For comparison, the authors also generate Local Rubrics where an LLM summarizes each patient's record into a structured format (e.g., "Patient Snapshot," "Risk Factors," "Protective Factors") based on a generic prompt. This tests the value of LLM preprocessing without the strict standardization of a global rubric.

3. Key Contributions

Rubric Representation Learning: A novel framework where LLMs automate the design of input representations, transforming heterogeneous raw data into structured, task-aligned formats.
Global vs. Local Rubrics: The introduction of Global Rubrics, which enforce a shared schema across all data points. This offers significant operational advantages:
- Auditability: Easier for domain experts to inspect and refine.
- Cost-Efficiency: Once the rubric is learned, it can be applied via deterministic scripts (O(1) cost) rather than per-example LLM calls (O(N) cost).
- Tabularization: The ability to convert complex text into tabular features, unlocking the vast toolkit of traditional machine learning (e.g., XGBoost, Logistic Regression).
Sample Efficiency: Demonstrating that high-performance models can be built with very few training examples (e.g., $n=40$ ) by leveraging the LLM's pre-trained knowledge to structure the data effectively.

4. Experimental Results

The methods were evaluated on the EHRSHOT benchmark, comprising 15 clinical prediction tasks (e.g., ICU transfer, new diagnosis, lab result prediction) using data from 6,739 patients.

Baselines:

Count-GBM: Traditional gradient boosting on code counts.
CLMBR-T: A massive clinical foundation model pretrained on 2.57M patients.
NaiveText: Direct text serialization fed into an LLM embedding + logistic regression.
CoT: Zero-shot Chain-of-Thought prompting.

Key Findings:

Superior Performance: Rubric-based approaches significantly outperformed the NaiveText baseline and, on average, surpassed the CLMBR-T foundation model (pretrained on 2.57M patients) despite using only a fraction of the data.
- Example: In the $n=40$ regime, Local-Rubric achieved an AUROC of 0.717 vs. 0.638 for NaiveText and 0.657 for CLMBR-T.
Task-Specific Gains: The largest improvements were seen in New Diagnosis and Lab Result tasks, where evidence is sparse and dispersed. Rubrics helped organize these scattered signals effectively.
Global vs. Local: Local-Rubric slightly outperformed Global-Rubric in AUROC, but Global-Rubric achieved the best AUPRC and offered superior operational benefits (auditability, cost, tabularization).
Parser-Based Success: Global-Rubric-Tabular (deterministic script application) remained highly competitive, proving that the representation design is the primary driver of performance, not the inference-time LLM reasoning.
Full Dataset Evaluation: When applied to the full dataset without subsampling, Global-Rubric-Tabular achieved a mean AUROC of 0.770, confirming scalability.
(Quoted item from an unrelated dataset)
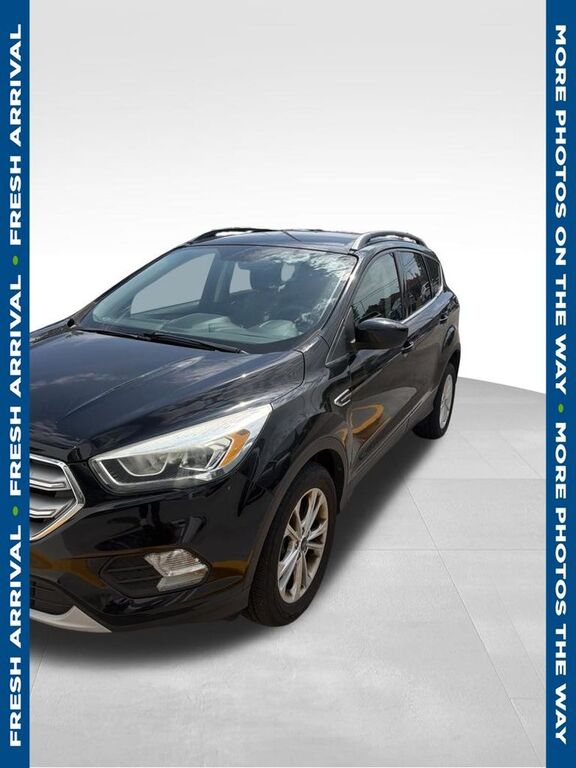 2017 FORD Escape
5. Significance and Implications

Representation as a First-Order Driver: The paper establishes that in complex, heterogeneous domains, how data is represented is as critical as the model architecture or the amount of training data. LLMs can automate this design process.
Bridging the Data Gap: This approach allows organizations with limited data (few-shot) to achieve performance comparable to or better than massive foundation models by leveraging the LLM's pre-trained world knowledge to structure the input.
Operational Viability: By converting LLM-generated representations into tabular features via deterministic parsers, the method solves the cost and latency issues associated with using LLMs at inference time. This makes the approach feasible for real-world healthcare deployment, where auditability and cost are paramount.
Generalizability: While tested on EHR data, the framework is domain-agnostic and applicable to any scenario involving heterogeneous data (finance, engineering logs, etc.) where manual feature engineering is a bottleneck.

In conclusion, the paper demonstrates that LLMs can serve as a powerful representation layer, automating the transformation of raw, messy data into structured, learnable formats, thereby unlocking high-performance, sample-efficient supervised learning without the prohibitive costs of massive pre-training or manual engineering.